Editor’s Note: The following excerpt is from the memoirs of Neel S. Yent, born Oct. 7, 1896 near Whiskey George. Yent recorded his life memories at the request of his children and grandchildren.
Our Chasing Shadows question for this week: What Ethel Barrymore film is likely described in this story? If you can answer, please contact the Times at 653-8868 or Lois Swoboda at firstname.lastname@example.org.
A Different World
The journey to Jacksonville was by boat (The Crescent City) from Apalachicola to Carrabelle, then to Jacksonville by train. On the morning for my departure everyone was up early as I had to be aboard the Crescent City by 7:15. Before boarding, the “good-byes” at dockside were somewhat emotional and standing on the upper deck as the boat ‘sidled’ away from the dock I could see Mama dabbling her eyes with her handkerchief. My visit with Captain Andy Wing in the pilot house listening to his kind words of encouragement helped somewhat to relieve my mental trauma of leaving home.

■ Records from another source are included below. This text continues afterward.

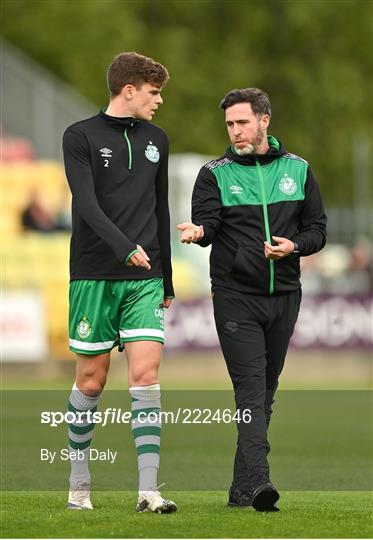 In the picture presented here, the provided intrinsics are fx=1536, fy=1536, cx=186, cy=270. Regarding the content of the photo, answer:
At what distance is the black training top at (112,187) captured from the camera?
7793 mm

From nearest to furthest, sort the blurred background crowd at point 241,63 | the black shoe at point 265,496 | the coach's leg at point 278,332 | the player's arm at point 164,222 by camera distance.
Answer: the black shoe at point 265,496
the player's arm at point 164,222
the coach's leg at point 278,332
the blurred background crowd at point 241,63

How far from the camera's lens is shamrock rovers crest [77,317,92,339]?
782 centimetres

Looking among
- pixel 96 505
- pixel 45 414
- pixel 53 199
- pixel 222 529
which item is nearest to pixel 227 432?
pixel 45 414

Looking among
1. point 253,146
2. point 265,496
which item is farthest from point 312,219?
point 265,496

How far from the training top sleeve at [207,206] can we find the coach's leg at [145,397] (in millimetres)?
663

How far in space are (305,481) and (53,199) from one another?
1814cm

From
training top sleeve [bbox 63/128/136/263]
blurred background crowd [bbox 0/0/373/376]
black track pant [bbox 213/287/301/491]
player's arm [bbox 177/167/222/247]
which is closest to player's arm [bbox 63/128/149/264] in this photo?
training top sleeve [bbox 63/128/136/263]

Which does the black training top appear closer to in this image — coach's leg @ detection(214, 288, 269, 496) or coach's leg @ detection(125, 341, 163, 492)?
coach's leg @ detection(125, 341, 163, 492)

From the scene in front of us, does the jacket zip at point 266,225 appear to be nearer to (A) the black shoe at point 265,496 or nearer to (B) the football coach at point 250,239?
(B) the football coach at point 250,239

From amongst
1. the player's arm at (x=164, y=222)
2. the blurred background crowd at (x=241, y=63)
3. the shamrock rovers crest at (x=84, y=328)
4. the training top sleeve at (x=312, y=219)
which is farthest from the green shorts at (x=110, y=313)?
the blurred background crowd at (x=241, y=63)

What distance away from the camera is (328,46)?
49.1 m

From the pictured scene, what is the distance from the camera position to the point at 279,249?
26.0 ft

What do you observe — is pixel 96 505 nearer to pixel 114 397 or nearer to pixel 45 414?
pixel 45 414

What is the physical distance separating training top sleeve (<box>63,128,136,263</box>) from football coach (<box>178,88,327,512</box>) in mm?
583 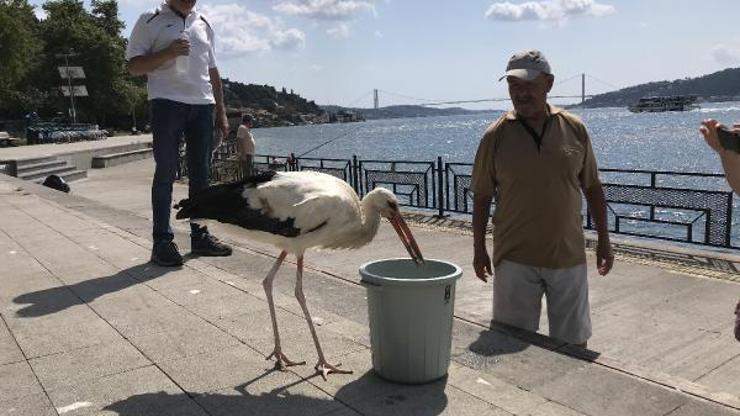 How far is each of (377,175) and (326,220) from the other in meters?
11.3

The day after I arrived in Jacksonville and after having been instructed by my sister how to get to town and back home by street car, I started to hunt a job, hopefully in an automobile repair shop. I got off the street car at Bay and Main Streets. I didn’t know the location of any repair shops but surmised that the most likely place for one would be on Main Street so I began walking north on Main Street.
Believe me that first step I took in that direction that day I know I was directed by the Hand of God for at the corner of Main and Beaver Streets stood the garage I had hoped to find. I went in and introduced myself to the owner, Mr. Rollison and asked him for a job. He hired me as a mechanic’s helper at nine dollars a week, six days per week. I was introduced to the shop foreman, Bill Jones. Little did I know that I had met the man who would be solely responsible for launching me into a successful, lifetime, business career. I was highly elated at having found a job at the “first stop,” and the nine dollars a week was divided three ways – three to sister Lena for room and board, three to apply as payment on the bank note and three for my incidentals and out of my share I did save enough to buy a second-hand, double-breasted brown suit from Old Abe Abronovitz who had a second hand store next to the garage.

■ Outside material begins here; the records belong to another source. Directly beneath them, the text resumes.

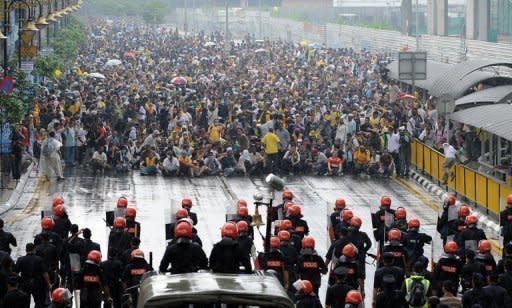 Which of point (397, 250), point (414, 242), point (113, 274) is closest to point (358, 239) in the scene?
point (414, 242)

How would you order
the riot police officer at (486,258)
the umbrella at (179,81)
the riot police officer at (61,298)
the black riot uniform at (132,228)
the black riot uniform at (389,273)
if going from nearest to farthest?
the riot police officer at (61,298) < the black riot uniform at (389,273) < the riot police officer at (486,258) < the black riot uniform at (132,228) < the umbrella at (179,81)

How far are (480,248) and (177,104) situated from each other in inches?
1114

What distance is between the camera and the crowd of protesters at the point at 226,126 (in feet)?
128

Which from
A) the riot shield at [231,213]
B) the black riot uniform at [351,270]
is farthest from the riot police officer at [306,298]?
the riot shield at [231,213]

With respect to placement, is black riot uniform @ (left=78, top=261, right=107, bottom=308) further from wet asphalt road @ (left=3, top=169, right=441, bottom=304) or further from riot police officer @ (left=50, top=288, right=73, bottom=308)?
wet asphalt road @ (left=3, top=169, right=441, bottom=304)

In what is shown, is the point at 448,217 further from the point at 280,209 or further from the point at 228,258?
the point at 228,258

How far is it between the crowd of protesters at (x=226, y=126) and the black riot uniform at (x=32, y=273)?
16931 mm

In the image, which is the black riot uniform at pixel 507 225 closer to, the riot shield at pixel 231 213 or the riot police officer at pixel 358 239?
the riot police officer at pixel 358 239

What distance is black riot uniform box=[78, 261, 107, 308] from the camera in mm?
18936

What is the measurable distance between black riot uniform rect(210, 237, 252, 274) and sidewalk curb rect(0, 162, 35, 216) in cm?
1555

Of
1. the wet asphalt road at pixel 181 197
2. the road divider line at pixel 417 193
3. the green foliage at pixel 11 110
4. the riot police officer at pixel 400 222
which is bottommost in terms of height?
the road divider line at pixel 417 193

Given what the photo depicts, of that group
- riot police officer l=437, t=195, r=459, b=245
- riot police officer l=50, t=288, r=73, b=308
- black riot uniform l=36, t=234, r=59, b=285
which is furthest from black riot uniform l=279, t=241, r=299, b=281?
riot police officer l=50, t=288, r=73, b=308

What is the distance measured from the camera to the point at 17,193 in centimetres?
3466

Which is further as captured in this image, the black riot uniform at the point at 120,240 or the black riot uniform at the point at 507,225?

Bill Jones was the most skillful mechanic I have ever known and he soon took quite an interest in me because often he’d work until midnight (there was no 40-hour week nor overtime then) and I would stay and help him for I was learning fast by his tutelage. There were several customers who wouldn’t let anyone but Bill Jones work on their cars. Mr. George Moredock, District Manager for International Harvester Company, who owned a Cadillac, was one of them.
I shall divert here, because I want to tell about the most stupid thing I’ve ever done that could have gotten me fired and this through uncontrolled curiosity. One morning as I got off the street car a crowd of about 100 people came running by headed for the ferry at the foot of Main Street. Without asking any questions, and to this day I don’t know why, I joined the crowd. We boarded the ferry and headed down the river. I was then told that we were a group of ‘extras’ to be involved in making a movie they were filming out in the woods. I was bewildered but there was no turning back for me.
When we landed the director explained the plot and what we were to do. I think whoever wrote the thing must have just recovered from an orgy. THE PLOT: Ethel Barrymore was then one of America’s leading actresses. She was in love with this gypsy character who her father resented, so they were going to elope on horseback. We were instructed to each get a stick and at a signal the mob was to start running after the gypsy who was riding a horse. Can you imagine how fast a horse can run when he sees a mob coming after him, each with a stick in his hand?
Anyway, after running a marathon all day the plot ended as they all usually do. The ‘lovers’ won out and with Ethel in the saddle and her gypsy mounted behind her –on the same horse- they rode off into the sunset. When we returned by ferry we ‘peons’ were instructed where to go to collect our day’s pay. I had great expectations for a sizeable stipend for I’d heard that people in the movie business were well paid.
I was almost thrown into a complete molt, however, when I presented my ticket at the pay window and was given a one dollar bill. This for running all day with a piece of pine limb in my hand trying to catch a horse. This episode did provide me with a valuable lesson that I’ve retained through my years: Never succumb to morbid curiosity. I dreaded facing my boss the next morning for fear of being fired, but when I told him about the episode and when he ceased laughing he told me: “Now let this be a good lesson for you. Get back there and get to work.”